■ WORK REQUIRED
Where the records hold the string "decorative", show the whole line it sits on.

■ DATASET ENTRIES
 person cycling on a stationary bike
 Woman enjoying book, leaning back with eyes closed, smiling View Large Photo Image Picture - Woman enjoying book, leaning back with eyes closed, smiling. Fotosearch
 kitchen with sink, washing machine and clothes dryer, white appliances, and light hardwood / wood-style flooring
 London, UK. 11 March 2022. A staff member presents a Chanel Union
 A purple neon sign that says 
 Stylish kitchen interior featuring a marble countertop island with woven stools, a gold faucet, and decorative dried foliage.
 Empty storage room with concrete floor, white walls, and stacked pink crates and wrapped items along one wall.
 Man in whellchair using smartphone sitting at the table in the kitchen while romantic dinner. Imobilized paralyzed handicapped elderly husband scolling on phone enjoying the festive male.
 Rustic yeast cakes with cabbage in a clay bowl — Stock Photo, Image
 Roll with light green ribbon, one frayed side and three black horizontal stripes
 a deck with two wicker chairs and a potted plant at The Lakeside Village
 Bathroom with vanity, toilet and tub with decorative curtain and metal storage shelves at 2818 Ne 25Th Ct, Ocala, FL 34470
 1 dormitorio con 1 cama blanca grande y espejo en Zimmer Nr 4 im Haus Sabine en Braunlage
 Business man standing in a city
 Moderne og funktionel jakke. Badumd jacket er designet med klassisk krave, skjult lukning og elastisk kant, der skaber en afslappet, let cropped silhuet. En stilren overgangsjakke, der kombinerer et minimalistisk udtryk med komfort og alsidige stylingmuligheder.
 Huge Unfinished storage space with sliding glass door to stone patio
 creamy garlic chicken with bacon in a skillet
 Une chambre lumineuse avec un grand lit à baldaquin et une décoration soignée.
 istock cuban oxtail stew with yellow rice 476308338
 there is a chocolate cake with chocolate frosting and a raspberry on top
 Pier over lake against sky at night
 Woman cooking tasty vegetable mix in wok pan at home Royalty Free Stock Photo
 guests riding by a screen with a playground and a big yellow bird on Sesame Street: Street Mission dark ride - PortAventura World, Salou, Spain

■ ANSWER TO THE PROBLEM
 Stylish kitchen interior featuring a marble countertop island with woven stools, a gold faucet, and decorative dried foliage.
 Bathroom with vanity, toilet and tub with decorative curtain and metal storage shelves at 2818 Ne 25Th Ct, Ocala, FL 34470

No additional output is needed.